▶ _Assigned task_
In your copy of the listing below, reproduce each word exactly and include no pictures.

▶ _Provided information_
□ □ □ □ □

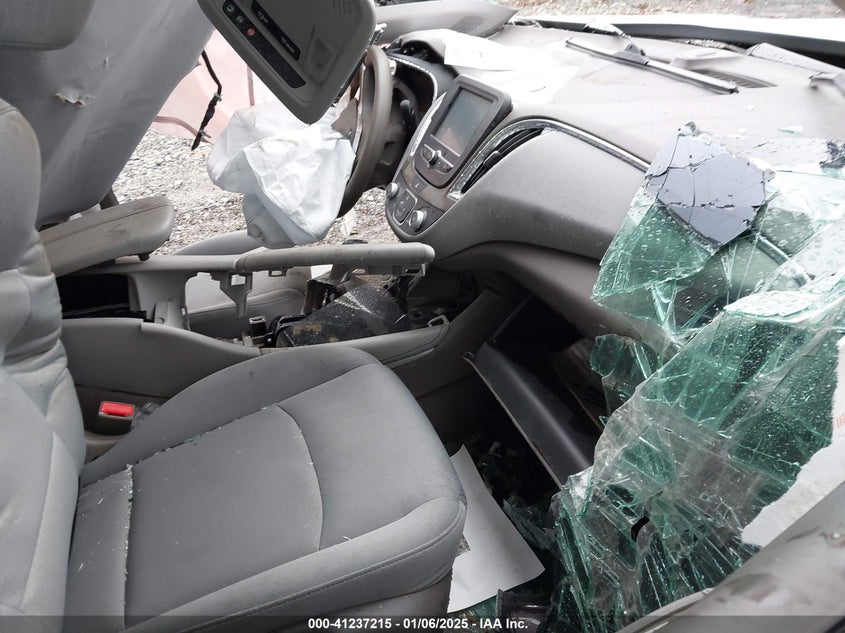 2018 CHEVROLET MALIBU LT - 1G1ZD5ST6JF150136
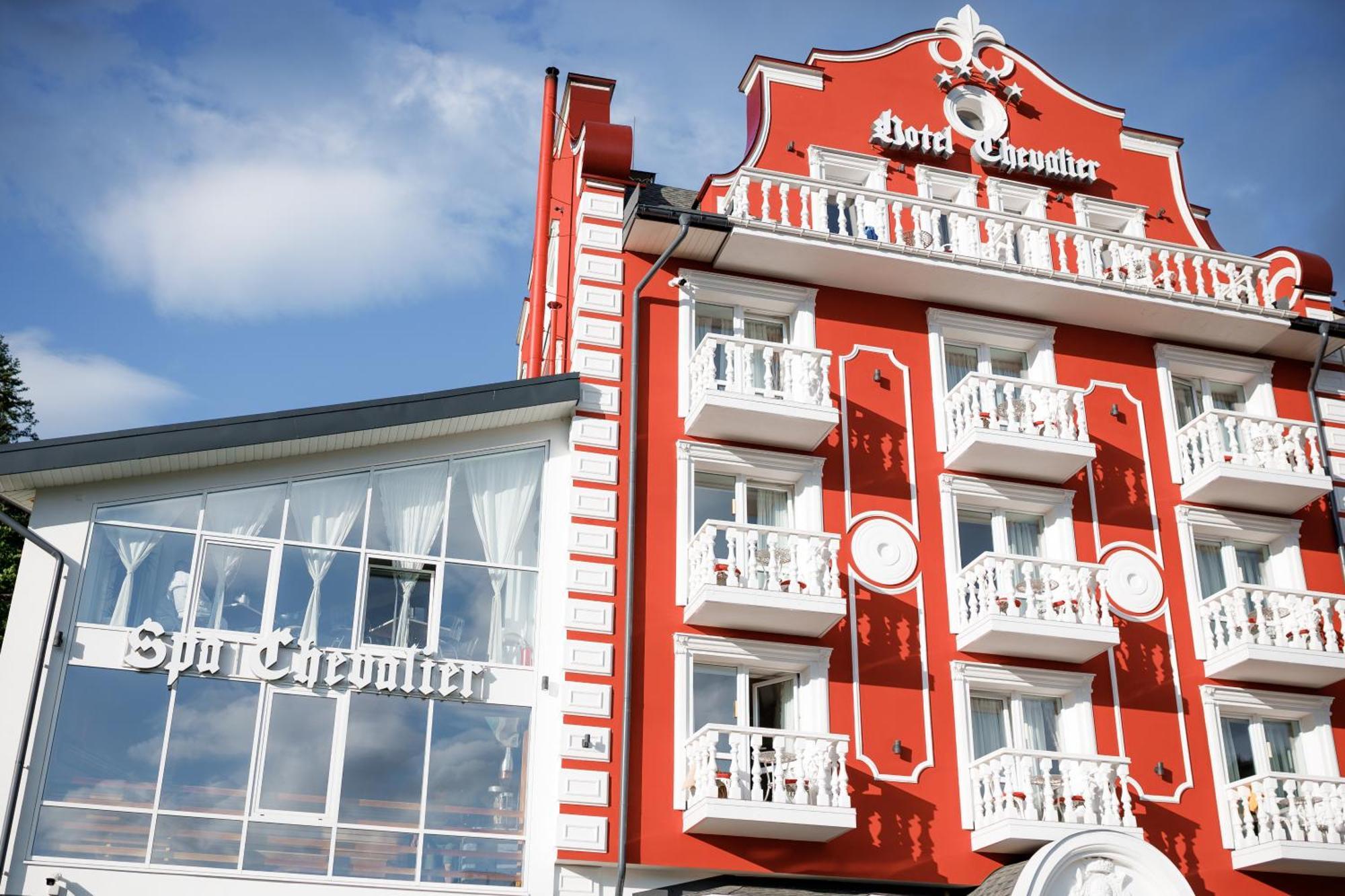 Chevalier Hotel & Spa Bukovel Bagian luar foto
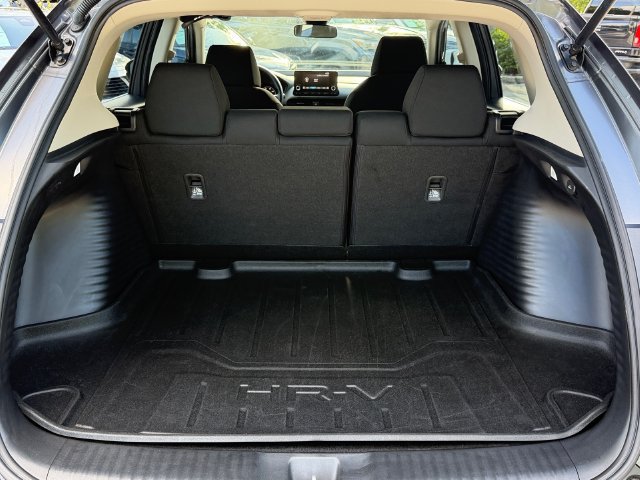 Certified 2024 Honda HR-V LX image 17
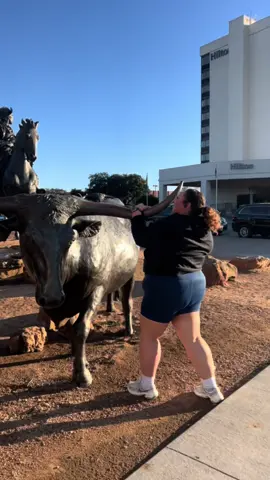 how get up there for them pictures? lol #girlytok #girlyaesthetic #girlsgirl #microinfluencer #delulu #fyppppppppppppppppppppppp #hotgirlwalk #friends #waco 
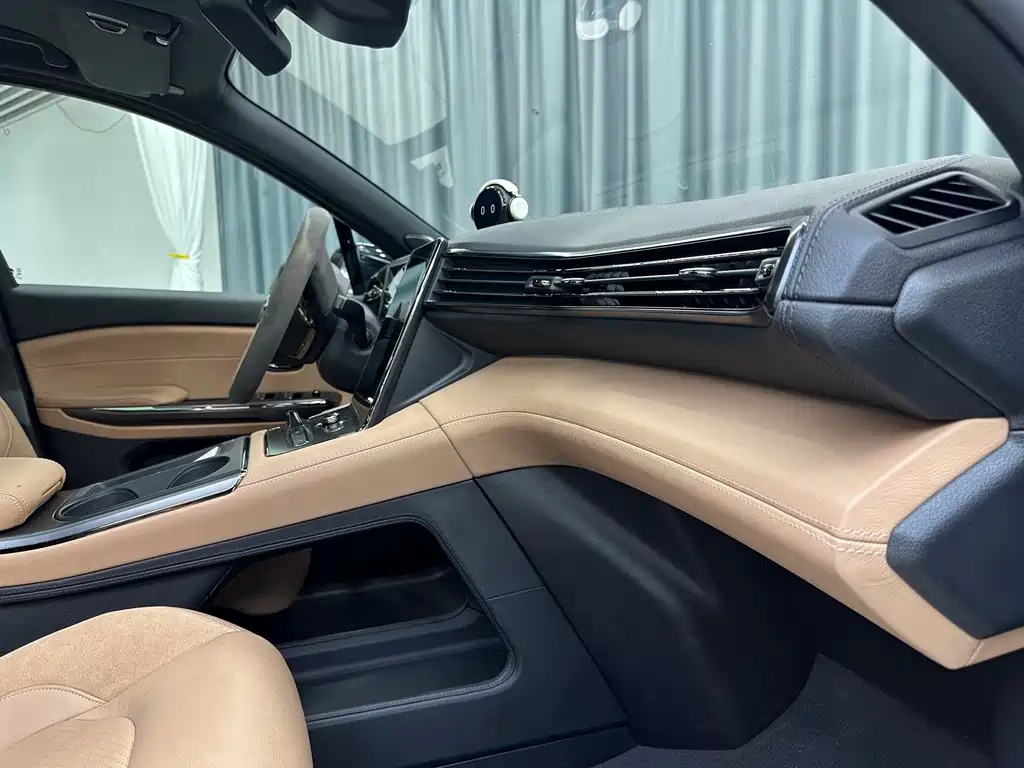 NIO ES6 — миниатюра 18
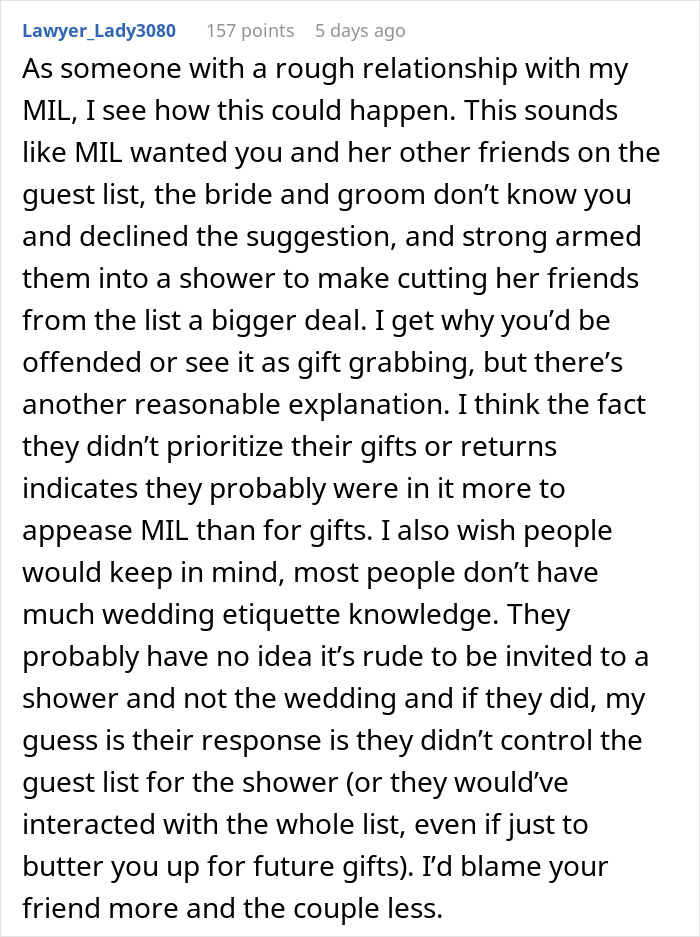 Newlyweds Ask Woman To Return Their Wedding Gift After They Didn’t Even Invite Her Newlyweds Ask Woman To Return Their Wedding Gift After They Didn’t Even Invite Her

□ □ □ □ □

▶ _Task response_
 2018 CHEVROLET MALIBU LT - 1G1ZD5ST6JF150136
 Chevalier Hotel & Spa Bukovel Bagian luar foto
 Certified 2024 Honda HR-V LX image 17
 how get up there for them pictures? lol #girlytok #girlyaesthetic #girlsgirl #microinfluencer #delulu #fyppppppppppppppppppppppp #hotgirlwalk #friends #waco 
 NIO ES6 — миниатюра 18
 Newlyweds Ask Woman To Return Their Wedding Gift After They Didn’t Even Invite Her Newlyweds Ask Woman To Return Their Wedding Gift After They Didn’t Even Invite Her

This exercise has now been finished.